By Lou Fancher, Correspondent Santa Cruz Sentinel
Originally printed on March 05, 2015
Vincent Price will be inducted into the California Independent Film Festival's Classic Film Hall of Fame and Museum at the New Rheem Theatre on Saturday, March 7. The all-day festival includes four of the horror actor's classic films, a lecture on Price and his legacy, and the induction ceremony itself.
Victoria Price, Vincent's daughter, was originally scheduled to talk about her famous father, but had to cancel her appearance on short notice for personal reasons. Giving the keynote lecture instead will be CAIFF President Derek Zemrak and CAIFF co-founder Leonard Pirkle.
Famous for remaining relevant during a 65-year career that began on Broadway with Helen Hayes and included film noir classics like "Laura," beguiling television appearances ("Batman" and "The Brady Bunch"), classic horror films like "House of Wax" and concluding with his final role, as an inventor in Tom Burton's "Edward Scissorhands" in 1990, Price was a connoisseur of fine wine and dining.
"He was a renowned cook and traveled all over the world consulting with restaurants. Not many people know that," Zemrak said.
And not many people are cinephiles of equal rank to Zemrak, who founded the Moraga-based Hall of Fame in 2013. In two years, its collection has grown to include artifacts and other exhibit materials for 11 Hall of Famers.
Zemrak said it was easy to get Price's daughter on board with his induction into the CAIFF Hall of Fame.
"She has a legacy site and wants to keep people seeing his films," he said. "Talking with her, I found out she has home footage she shows during lectures."
The collection will house a rare, bronze sculpture that Zemrak says is just one of three in the world. Created as a prototype by artist Clete Shields at the Henry Alvarez Foundry for a proposed line of Classic Horror sculptures, the bronzes were never produced and the original mold was destroyed long ago.
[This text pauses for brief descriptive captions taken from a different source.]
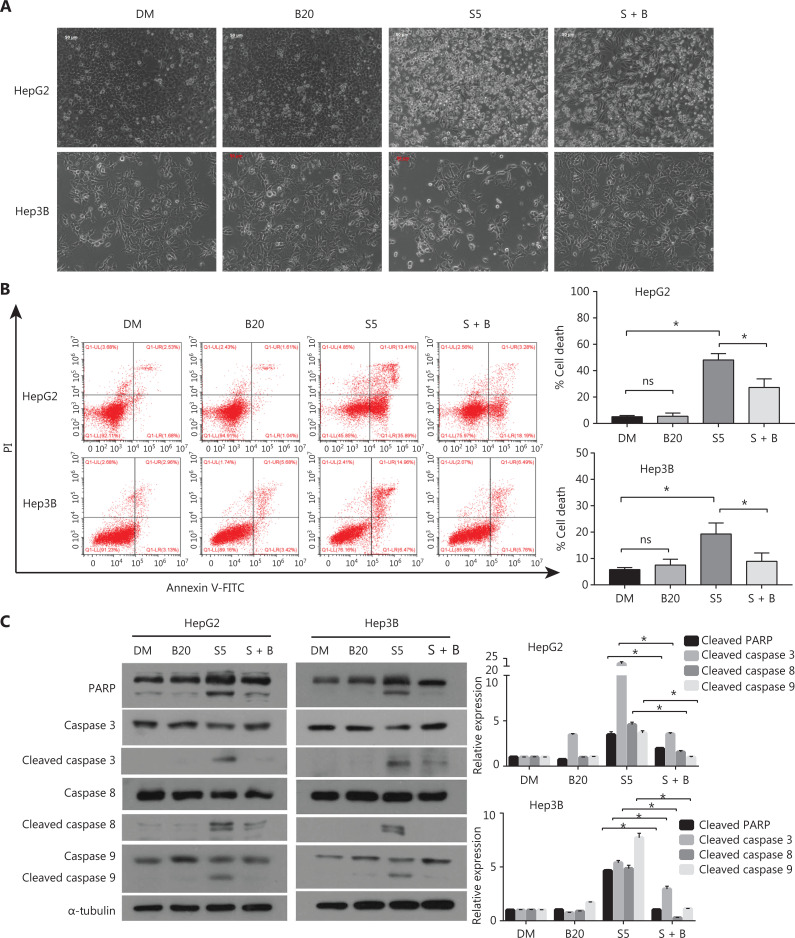 Bilirubin inhibits the anticancer activity of sorafenib by blocking MCL-1 degradation in hepatocellular carcinoma cells.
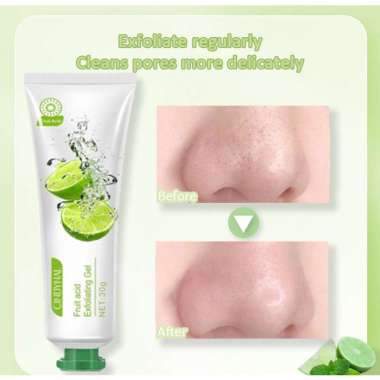 【READY STOCK】CINDYNAL x OULISI Fruit Acid Exfoliating Gel 30 Gr Facial Glowing Blackhead Cleaner Bod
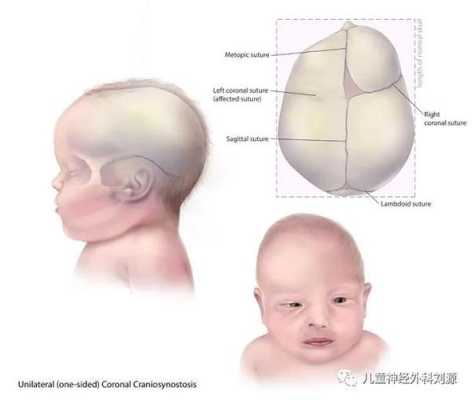 额缝是哪里,胎儿额缝早闭和基因有关系吗  第2张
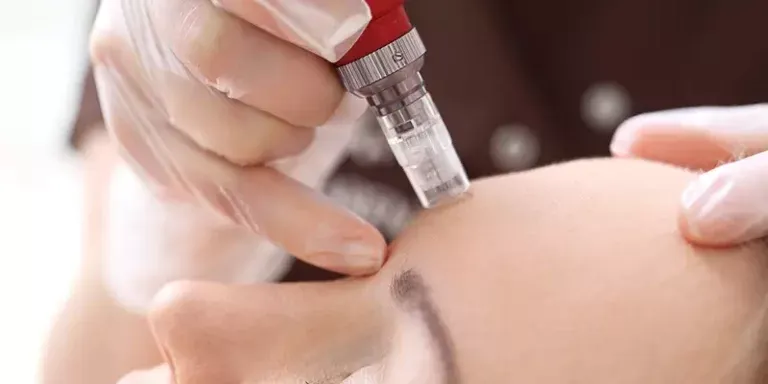 Is-RF-microneedling-painful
But Price's films endure, and among Zemrak's favorites is "House on Haunted Hill."
"It was one of the most scary films, in it's time," he said. "Now, it's almost campy but it's terrific fun. We'll have surprises going on during that."
The celebration will also include the induction of Thomas Edison to the museum. Hardly a "side note," Zemrak said, "If there was no Edison, there would be no film."
Thomas Edison's Kinetoscope photos from 1894 San Francisco and an interactive tablet display will describe the kinetoscope viewer, a forerunner of the motion picture film projector developed by Edison and his assistant, W. K. L. Dickson, in the late 1800s.